Book Review: A Mystery of Remnant by B. Catling

Brian Catling was a fascinating artist, working across several disciplines. He was a writer, poet, sculptor, painter, film-maker and performance artist and his work often employed several media at once. Perhaps best known for his Vorrh trilogy of novels, Catling also worked in the short form and in 2019 published Only the Lowly, a series of interlinked tales that effectively form a fractured novella. Since his death in 2022, editors Victor Rees and Iain Sinclair have looked to assemble a fitting tribute to Catling’s life and work, gathering previously published pieces and discovering short fragments and prose experiments on his laptop; A Mystery of Remnant, published by Swan River Press, is the result. Let me, however, dispel any fears that this new collection is a compendium of sweepings from the floor; it is anything but. What emerges in this book is a composite picture of a complex and genuine iconoclast, an artist absorbed in an investigation of existence and non-existence, and the border between.

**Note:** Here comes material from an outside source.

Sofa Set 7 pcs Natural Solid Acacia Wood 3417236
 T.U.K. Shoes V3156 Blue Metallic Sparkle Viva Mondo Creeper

In ‘Heart of the Forest’, Catling delves into the psyche of Norwegian artist Lars Hertervig (1830-1902), a painter of dreamlike landscapes, in search of sources of inspiration in the haunted woods that surrounded him. Catling captures the sense of place and time perfectly in a deeply evocative exploration. ‘A Box of Lites: A Case of Fogs’, about a man who works admin behind the scenes in the Law Courts in London, dwells on his journey to and from work via a series of pubs by which he maintains a state of alcoholic haze in order to get through the days. There’s a heady whiff of the psychogeographic to this story in the network of pubs and environs that weave their way into the man’s conscious and subconscious thoughts and behaviour. In ‘House’, a man recalls a recent visit to a friend’s house where a brief manifestation of the uncanny shakes him to the core and precipitates a futile grasping at the inexplicable.

The standout stories for me are ‘Further Facts in the Case of M. Valdemar’, a sequel to or extension of the classic Edgar Allan Poe tale of cosmic horror, and ‘A Pendon Parva Ghost’, in which a self-appointed arbiter of artistic good taste guides a group of acquaintances through the Pendon Museum, a repository of local history not far from Dorchester Abbey that houses a remarkable scale model of the surrounding landscape as it was up to the 1930s, replete with fantastically detailed miniature houses, farmyards, people, and animals. For all that the self-appointed arbiter professes an appreciation of this diorama, the museum’s curator points out a moment of potential magic that he realises he’s incapable of apprehending.

Other highlights include ‘Vanished!’, the story of a sprite of sorts, or perhaps a demon, that gains access to a family’s home and offers companionship of differing and dubious natures to each of the family’s members, ‘April 6th 1744’, a retelling of the angelic visitation experienced by Emanuel Swedenborg and the epiphany that spawned his religious philosophy, and ‘Written Rooms and Pencilled Crimes’, a series of quasi-related vignettes that touch on aspects of rooms or areas haunted by absences.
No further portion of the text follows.